«Il ciclo del governo Grillo-Savini durerà meno del mio», assicura Matteo Renzi. E rincuora le truppe dei suoi deputati e senatori, riuniti a cena giovedì sera a Roma: «Dobbiamo farci trovar pronti: toccherà di nuovo a noi. E molto prima del previsto».
Giudizi simili a quelli espressi pochi giorni fa dal capo dell'altro partito di opposizione, Forza Italia: «La bolla di consenso che oggi accompagna i partiti di governo si sgonfierà velocemente, e la politica ricomincerà a correre. Nel giro di alcuni mesi questo governò può finire», ha avvertito ventiquattro ore prima Silvio Berlusconi, parlando davanti ai suoi parlamentari.

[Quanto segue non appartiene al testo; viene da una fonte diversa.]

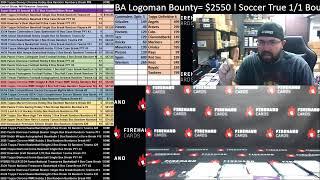 Live Sports Cards Breaks w/Firehand Cards!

Per entrambi, l'appuntamento con il redde rationem verrà in autunno, quando il governo gialloverde dovrà varare la sua Finanziaria: e lì, sono convinti sia l'ex leader Pd che il Cavaliere, le contraddizioni della maggioranza e l'inconciliabilità tra i vincoli di bilancio presidiati dal ministro Tria e la necessità di Salvini e Di Maio di concretizzare le loro favolose promesse elettorali (dal reddito di cittadinanza alla flat tax) esploderanno. E per le opposizioni verrà allora il momento di riprendersi la scena.
Quanto il ragionamento dei due leader sia basato su convizioni reali e quanto su un wishful thinking, e sulla necessità di dare una prospettiva di riscatto alle proprie basi parlamentari, è difficile dirlo. «Matteo è davvero convinto che le dinamiche politiche messe in moto da Salvini lo porteranno a far saltare tutto», dice un ex uomo di governo Pd che ha partecipato alla cena renziana. Che però nutre qualche dubbio: «Il potere, come dimostra la vicenda Rai, è un collante potente. E loro vogliono intanto vincere le Europee, e poi resistere fino all'elezione del prossimo presidente della Repubblica: a quel punto l'Italia sarebbe nelle loro mani».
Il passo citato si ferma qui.